Peter Bergen (born December 12, 1962) is an American journalist, author, and producer who is CNN's national security analyst, a vice president at New America, and a professor at Arizona State University. Bergen has written or edited ten books. Three of the books were New York Times bestsellers, four of the books were named among the best non-fiction books of the year by the Washington Post, and they have been translated into 24 languages. Three books were turned into documentaries for HBO and CNN, which were nominated for an Emmy and won an Emmy.
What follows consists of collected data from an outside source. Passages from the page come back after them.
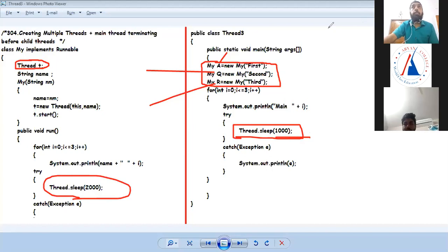The sleep method and start method are methods of the Thread class, not of the Runnable interface.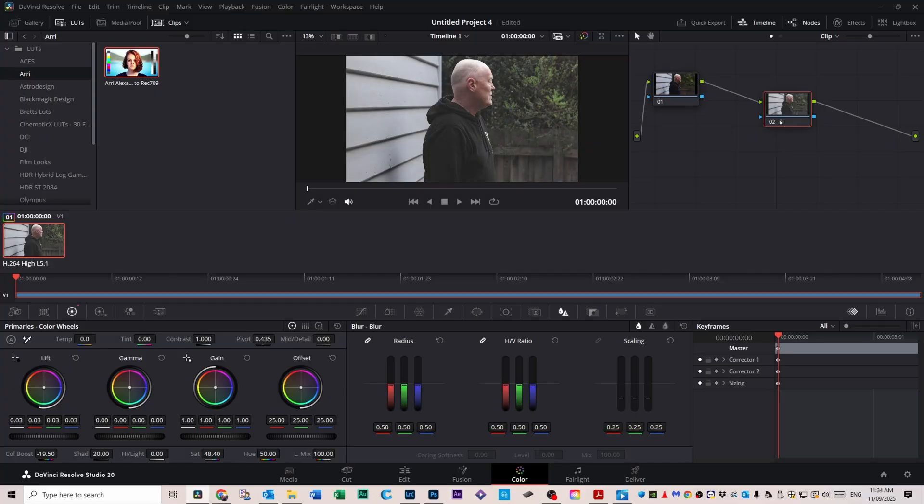When you add another node, it works on top of the last one and so on. So you can do a lot of basic tweaking before you add the LUT. This is where you can fix exposure, white balance, or contrast before the LUT does a thing — think of it as prepping your clip. For instance, if your footage is too dark or too warm, the LUT will only exaggerate it. So fix it here first. The goal is to basically get your footage to an even starting point.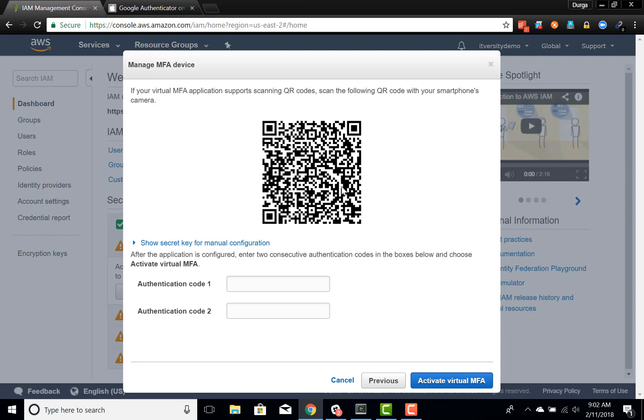So I'm opening the Google Authenticator on my phone and then I'm trying to add a new device. There will be a plus sign on the Authenticator at the top, which will facilitate you to add a new device.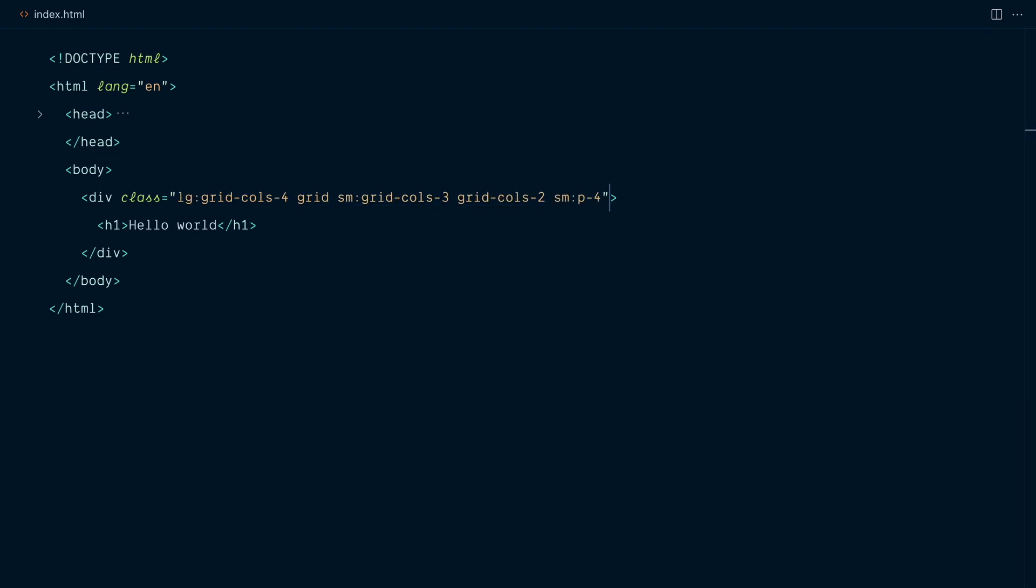Same deal with responsive modifiers. And we have the plain utilities first, followed by the small breakpoint utilities grouped together, and then the large breakpoint at the end.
Holy War, Inc.: Inside the Secret World of Osama bin Laden (2001); The Osama bin Laden I Know: An Oral History of al Qaeda's Leader (2006); The Longest War: The Enduring Conflict between America and Al-Qaeda (2011); Manhunt: The Ten-Year Search for Bin Laden From 9/11 to Abbottabad (2012); Talibanistan: Negotiating the Borders Between Terror, Politics, and Religion (2013); Drone Wars: Transforming Conflict, Law, and Policy (2014); United States of Jihad: Investigating America's Homegrown Terrorists (2016); Trump and His Generals: The Cost of Chaos (2019); The Rise and Fall of Osama Bin Laden (2021); and Understanding the New Proxy Wars (2022) He produced the first television interview with Osama bin Laden in 1997, which aired on CNN.

Background
Bergen was born in Minneapolis and grew up in London, the son of Donald Thomas Bergen and Sarah Elizabeth (née Lampert) Bergen. Her grandfather, Leonard Lampert, founded the Lampert Lumber Company. His family is Roman Catholic. He attended Ampleforth College in North Yorkshire before receiving an Open Scholarship to New College, Oxford, in 1981, where he graduated with a degree in modern history. Bergen is married to the documentary director/producer Tresha Mabile.  They have two children.

Career

Bergen is Vice President for Global Studies and Fellows at New America, a non-partisan think tank in Washington, D.C. He also serves as New America's Director of the International Security and Future of War Programs. He is a Professor of Practice at the School of Politics and Global Studies at Arizona State University where he is the co-director of the Center on the Future of War, a research fellow at Fordham University's Center on National Security, and CNN's national security analyst. 
 
He has held teaching positions at Harvard Kennedy School at Harvard University and the Paul H. Nitze School of Advanced International Studies at Johns Hopkins University.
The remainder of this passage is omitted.